Advances in analytical and imaging technologies … will, soon, allow us to track individual psychedelic drugs as they act in the brain.
“The advances in analytical and imaging technologies have greatly enhanced our understanding of psychedelic pharmacology and will, soon, allow us to track individual psychedelic drugs as they act in the brain,” he said. “This will advance our knowledge of diseases and disorders of the brain/mind, and enhance our understanding of perception and consciousness itself.”
The study of DMT and other hallucinogens in the United States was for decades impeded by the 1965 Congressional Amendment, and the Controlled Substances Act. These classified DMT as a Schedule-I substance, posing major challenges to researchers who wished to procure it for scientific study. Science is now playing catch-up, and psychedelics have become a major area of interest due to their therapeutic potential.
As for the future of DMT studies, Barker says there is “much left to do.”

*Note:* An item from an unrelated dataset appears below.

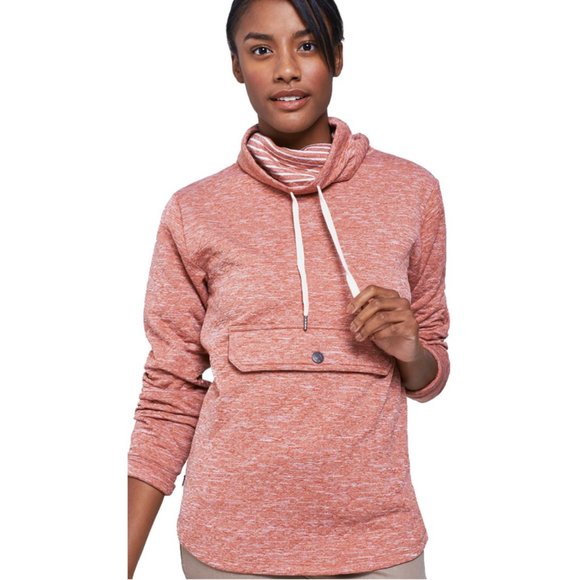 United By Blue Sweaters - United by Blue Great Escape Anorak Coral Cowl Neck Sz Small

He says there needs to be an examination of DMT levels in brain/CSF/blood over a 24-hour period, to determine if difficulties with observing DMT in body fluids are tied to circadian rhythm fluctuations. Its role in brain growth and repair, and possible links to sleep/wake cycles also need to be explored — something which could shed light on possible links to dream states.
“There are many clinical trials of psychedelics underway but new research into their therapeutic possibilities are seriously needed,” he said. “The answers we obtain from such research may inform many of our deepest questions about consciousness and the mind.”